Nos quedamos así unos minutos, y solo entonces me atrevo a mirarla. Nadia ha cambiado. Se cortó el pelo, lo tiñó de oscuro. Ahora lleva tacones, se maquilla los ojos de negro y usa un pintalabios del mismo tono que el pañuelo burdeos enredado en su cuello. Involuntariamente la comparo con mi novia. Quiero convencerme de que Nadia no está a su altura… pero mentirme es inútil.
Ella siempre fue y siempre será mejor que las demás.
—¿Quieres un café? —propongo, con la esperanza de alargar nuestra conversación. Llamar a su puerta es mi forma personal de masoquismo. Después de nuestro último encuentro, pasé medio año escribiéndole y llamándola, pero nunca respondió. Ahora que me siento fatal, intento otra vez mantenerla a mi lado. Aunque sea por un rato.
Y hoy no puede decir que no. Gracias, mamá.
—De acuerdo.
Salimos del cementerio. Aprieto el mando de la llave, desactivando la alarma del coche. Nadia levanta las cejas sorprendida.
—Veo que no te va nada mal… —cada palabra suya está impregnada de reproche—. Un coche así a los dieciocho. Antes solo podías soñar con algo parecido.
—Es solo un medio de transporte —resto importancia, abriéndole la puerta—. Es más cómodo así.
Ella duda un instante, pero finalmente se sienta dentro. Yo disimulo una sonrisa.
—Supongo que será mejor que no te pregunte en qué trabajas, ¿verdad? —dice mientras se abrocha el cinturón.
—Lo cambié, si eso te tranquiliza.
—¿Por algo legal?
Ignoro la pregunta. De todos modos, la respuesta no le gustaría.

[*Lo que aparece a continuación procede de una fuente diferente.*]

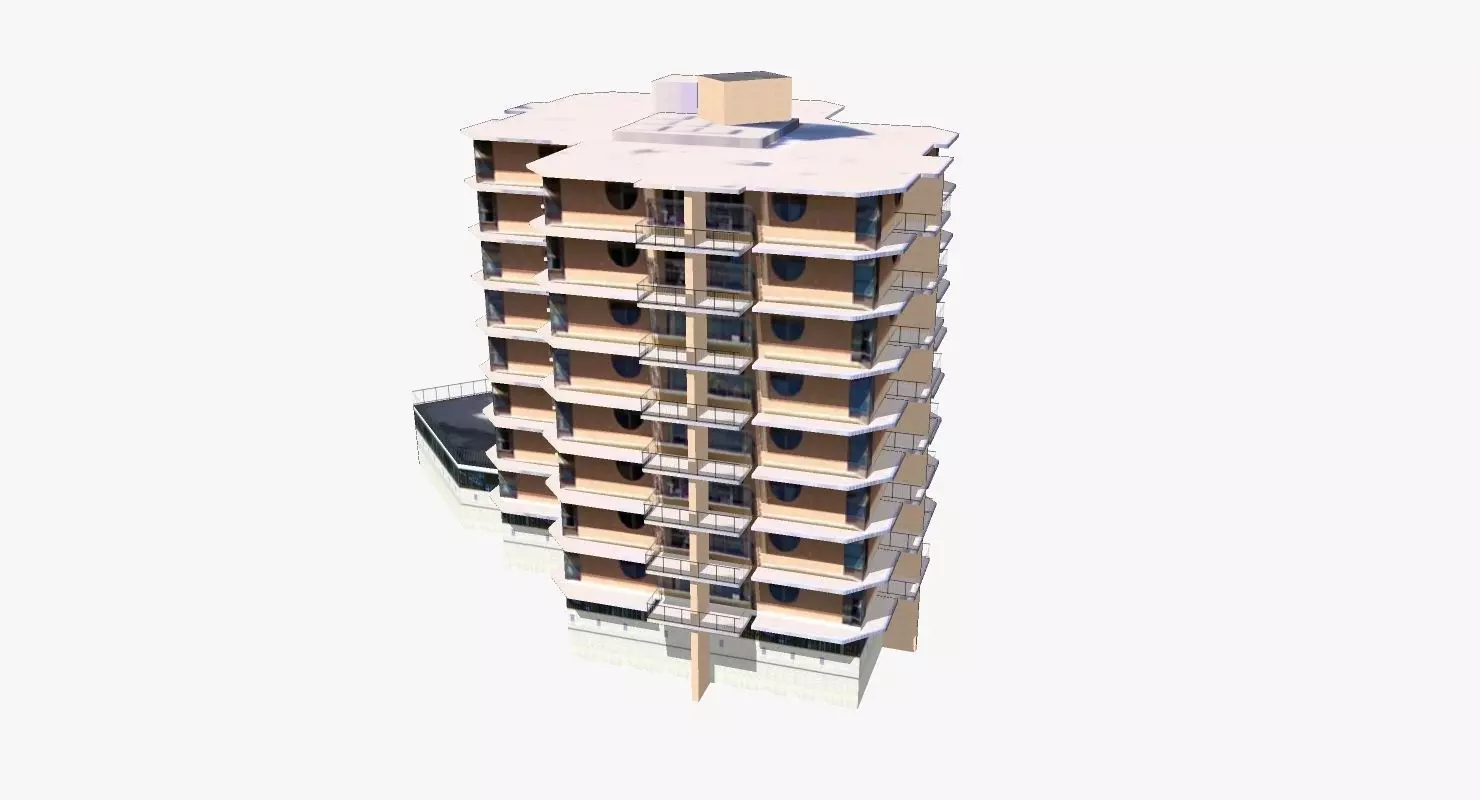 29 George Street Low-poly 3D model_0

—Mejor cuéntame de ti. ¿Cómo va la vida de estudiante? —cambio el tema a uno neutral.
—Me gustaba.
—¿En pasado? ¿Ya no te gusta? ¿O te expulsaron?
—Estoy tramitando una excedencia académica.
—¿Para qué?
—Hay motivos.
—¿Son secretos?
Ella gira la cara hacia la ventana. Estoy demasiado pendiente de la carretera y no me doy cuenta enseguida de que tiene lágrimas en los ojos. Nadia parpadea rápido, tratando de ocultarlo.

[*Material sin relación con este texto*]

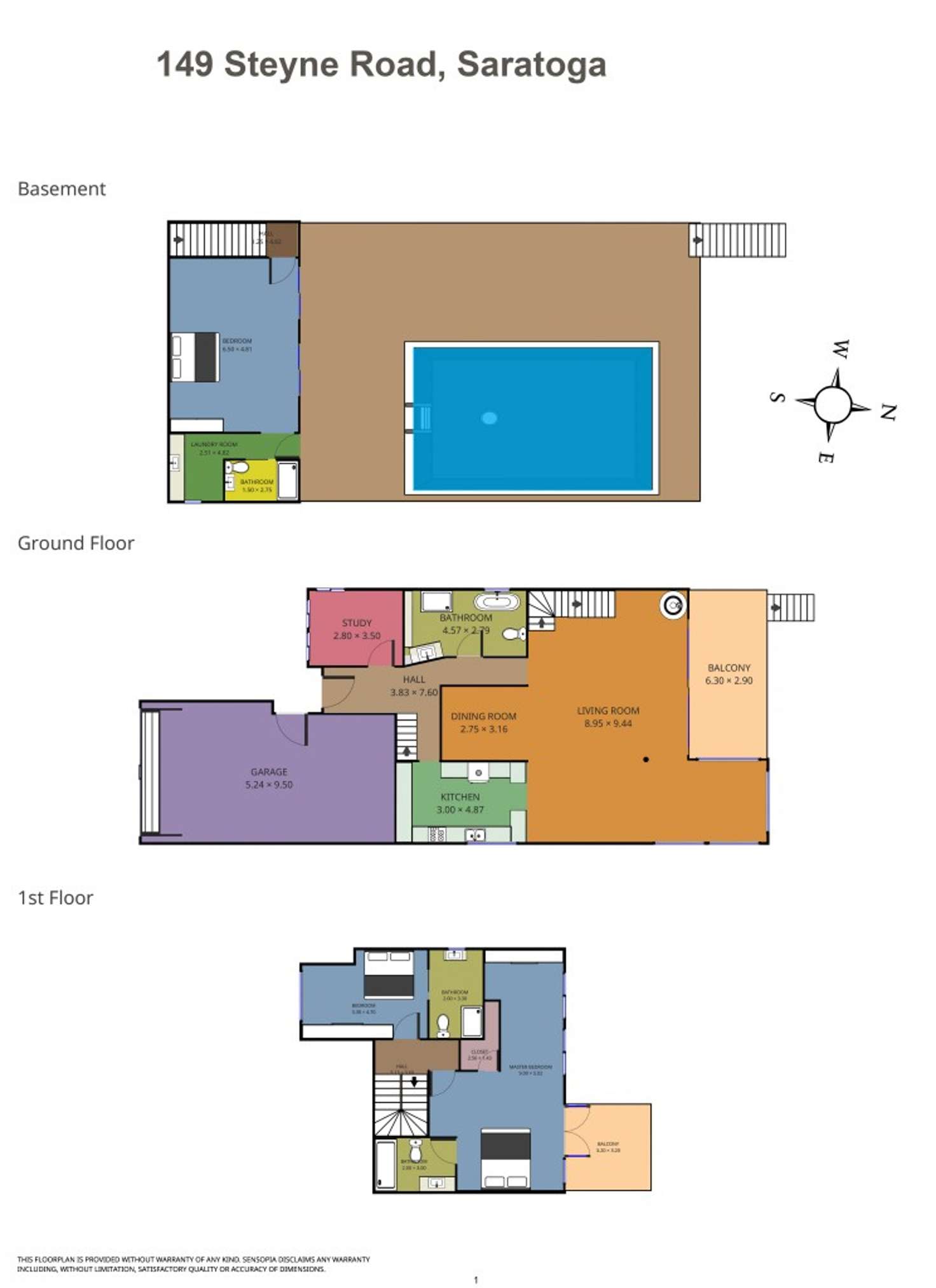 Floorplan of Homely house listing, 149 Steyne Rd, Saratoga NSW 2251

—Si tienes problemas, siempre puedes venir a mí —digo, dándole un codazo.
—¿Y qué harías tú?
—Darte dinero. No hay problemas que no se puedan resolver con dinero.
—El mío no lo resolverá el dinero —asegura.
Al fin empiezo a entender de qué se trata.
—Te rompieron el corazón —digo, burlón—. ¿Quién es ese imbécil? Puedo destruirlo si eso te haría sentir mejor.
—No hace falta.
—Pero tampoco tienes que dejar los estudios. Es tan… poco propio de ti. ¡Renunciar a tu sueño por un chico!
—No es por él. No entiendes.
—Pues explícame, por favor.
Nadia respira hondo.
—Estoy embarazada. Y con un bebé no me dejarán entrar a clase.